Sindonews · Rabu, 11 September 2019 - 08:45 WIB
Temuan KPK, Ada Pejabat di Makassar Punya 4 Kendaraan Dinas

Ilustrasi mobil dinas. (Foto: Dok iNews).

MAKASSAR, iNews.id - Tim Korsupgah KPK RI Wilayah VIII mendapati ada pejabat di lingkup Pemerintah Kota (Pemkot) Makassar yang mempunyai lebih dari satu kendaraan dinas. Namun identitas oknum tersebut masih belum bisa diungkap ke publik.

Temuan ini disampaikan Ketua Tim Korsupgah KPK RI Wilayah VIII, Dwi Aprilia Linda, saat melakukan monitoring dan evaluasi ke empat daerah di Sulawesi Selatan (Sulsel).

"Jangankan dua mobil, sepeda motor empat ada (yang kuasai)," kata Dwi kepada wartawan di Kota Makassar, Sulsel, Selasa (10/9/2019).

BACA JUGA: Atasi Macet, Makassar Akan Berlakukan Kebijakan Ganjil Genap

Dia mengaku kesal dengan temuan ini. Karena para pejabat tersebut tidak seharusnya menguasai lebih dari satu unit kendaraan. Menurut dia, selama ini di lingkup Pemkot Makassar memang belum ada penertiban aset khususnya kendaraan dinas, sehingga terjadi hal seperti itu.

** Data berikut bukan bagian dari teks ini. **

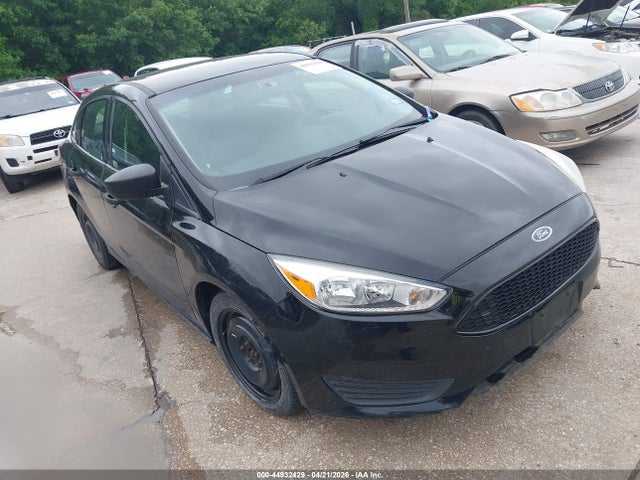 Salvage Ford Focus Image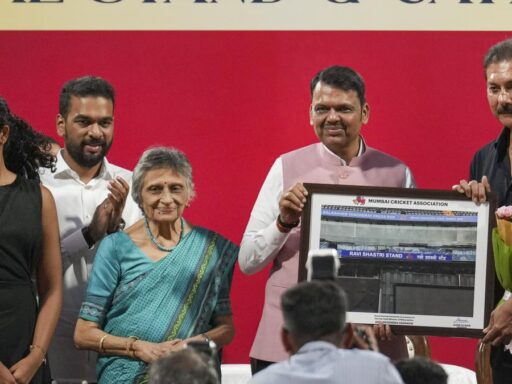 full-circle-at-wankhede-stadium-ravi-shastris-mother-lakshmi-share-emotional-moment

KPK, kata dia, meminta agar kendaraan yang dikuasai segera dikembalikan. Hal ini menjadi catatan pada bagian aset pemerintah kota untuk memetakan penguasaan kendaraan dinas lebih dari satu unit.

"Siapa yang menguasai dua atau lebih dari kendaraan dinas kembalikan salah satunya. Di Pemkot Makassar itu sedang ditertibkan. Kalau tidak kooperatif baru disampaikan ke media," ujar dia.

Perilaku aparatur sipil negeri (ASN) seperti ini berisiko merugikan negara lewat anggaran pengadaan kendaraan dinas yang semestinya tidak perlu. Mirisnya, bila pejabat yang memiliki lebih dari satu kendaraan dinas, lalu meminta tambahan lagi.

BACA JUGA: Dugaan Kasus Pelecehan Seksual Kadis di Jeneponto, Keluarga Korban Usir Pelaku

"Bisa membengkak anggaran untuk pengadaan. Padahal sebenarnya sudah tidak perlu lagi," katanya.

Sekretaris Kota Makassar, M Ansar, membenarkan temuan KPK tersebut. Dia tidak menampik ada jajaran organisasi perangkat daerah (OPD) yang menguasai kendaraan dinas lebih dari satu.

"Iya, kita akan instruksikan agar BPKAD segera memetakan aset, utamanya kendaraan dinas," kata Ansar.